Data is a core element of many businesses, and as data storage systems, databases bear a critical responsibility. ApsaraDB for Redis is a high-performance key-value database that is often used to store large volumes of important service data. This topic describes the disaster recovery mechanism used by ApsaraDB for Redis in detail.

Evolution of the disaster recovery architecture based on ApsaraDB for Redis

Some issues may occur when programs are running, such as software bugs, device faults, and power failures at data centers. An excellent disaster recovery mechanism can ensure data consistency and service availability in these cases. ApsaraDB for Redis improves the disaster recovery capability to ensure high availability (HA) of services, and provides high-availability solutions in various scenarios.

The following figure shows the evolution of the disaster recovery architecture based on ApsaraDB for Redis.

Figure 1. Evolution of the disaster recovery architecture based on ApsaraDB for Redis

All of these solutions are available. You can choose them as needed. The following sections describe these solutions in details.

Single-zone high-availability mechanism

All types of ApsaraDB for Redis instances support the single-zone high-availability architecture. An HA monitoring module uses an independent platform architecture, and provides a high-availability mechanism across zones. Therefore, ApsaraDB for Redis serves more stably than on-premises Redis systems.

Standard dual-replica edition

A standard dual-replica instance uses a master-replica architecture. When detecting a failure on a master node, the HA monitoring module automatically performs the failover operation. The replica node takes over services and becomes a master node, and upon recovery from the failure, the original master node works as a new replica node. The instances support data persistence by default, and allows automatic data replication. You can use the replication files to roll back or clone instances.

Figure 2. High-availability architecture of the master-replica instance

Master-replica instances

A Master-replica instance consists of a configuration server, multiple proxy servers, and multiple shard servers. These servers are described as follows:

  • The configuration server is a cluster management tool that provides global routing and configuration information. This server uses a triple-replica cluster architecture that follows the Raft protocol.
  • A proxy server uses a single-node architecture. A cluster edition contains multiple proxy servers. ApsaraDB for Redis performs load balancing and failover operations for all proxy servers.
  • A shard server uses a dual-replica high-availability architecture. Similar to a standard dual-replica instance, after the master node of the shard server fails, the HA module automatically performs the failover operation to ensure high availability of services, and updates information on the proxy servers and configuration server.
Figure 3. High-availability architecture of master-replica clusters

Zone-disaster recovery mechanism

The standard and cluster editions support zone-disaster recovery between two data centers. You can deploy your business in a single region, and require excellent disaster recovery. In this case, you need to select a zone that supports zone-disaster recovery when you create an ApsaraDB for Redis instance. For example, you can select Singapore Zone (B+C) as shown in the following figure.
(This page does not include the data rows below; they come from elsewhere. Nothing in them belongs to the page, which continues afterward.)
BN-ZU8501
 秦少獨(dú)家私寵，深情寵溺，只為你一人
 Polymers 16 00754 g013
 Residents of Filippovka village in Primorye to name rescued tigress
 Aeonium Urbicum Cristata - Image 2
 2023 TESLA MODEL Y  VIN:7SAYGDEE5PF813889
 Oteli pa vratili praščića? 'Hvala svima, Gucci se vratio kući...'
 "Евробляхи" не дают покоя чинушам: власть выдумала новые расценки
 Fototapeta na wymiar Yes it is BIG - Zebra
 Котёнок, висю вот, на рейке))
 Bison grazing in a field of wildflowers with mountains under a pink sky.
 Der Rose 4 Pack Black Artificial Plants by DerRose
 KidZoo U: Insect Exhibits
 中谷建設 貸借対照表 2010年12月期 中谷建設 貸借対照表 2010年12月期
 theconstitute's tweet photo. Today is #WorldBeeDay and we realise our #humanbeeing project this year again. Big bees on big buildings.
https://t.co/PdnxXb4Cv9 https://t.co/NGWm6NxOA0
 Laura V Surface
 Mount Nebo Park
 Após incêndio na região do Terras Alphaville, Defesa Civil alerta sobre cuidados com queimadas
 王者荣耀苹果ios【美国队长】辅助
Figure 4. Create a zone-disaster recovery instance

When you create instances that run in multiple zones, the replica instance at the replica data center is the same type of instance at the master data center. The instances at master and replica data centers synchronize data to each other through a specialized replication channel.

If power or network failures occur at the master data center, the replica instance takes over services and becomes the master instance. The system calls an operation on the configuration server to update routing information for the proxy server. The system performs the failover operation at the network layer according to the routing precision. In normal conditions, the system transmits data directly to the instance at the master data center through precise Classless Inter-Domain Routing (CIDR) blocks. However, the master data center does not upload routing details to the backbone when failures occur. The backbone only provides lower-precision CIDR blocks of the replica data center. The system has to route requests to the replica data center during failover.

ApsaraDB for Redis optimizes Redis synchronization mechanism. Similar to global transaction identifiers (GTIDs) of MySQL, ApsaraDB for Redis uses global operation identifiers (OpIDs) to indicate synchronization offsets and uses background lock-free threads to search OpIDs. The system synchronizes the append-only file (AOF) binary log (binlog) asynchronously. You can throttle this synchronization to ensure service performance.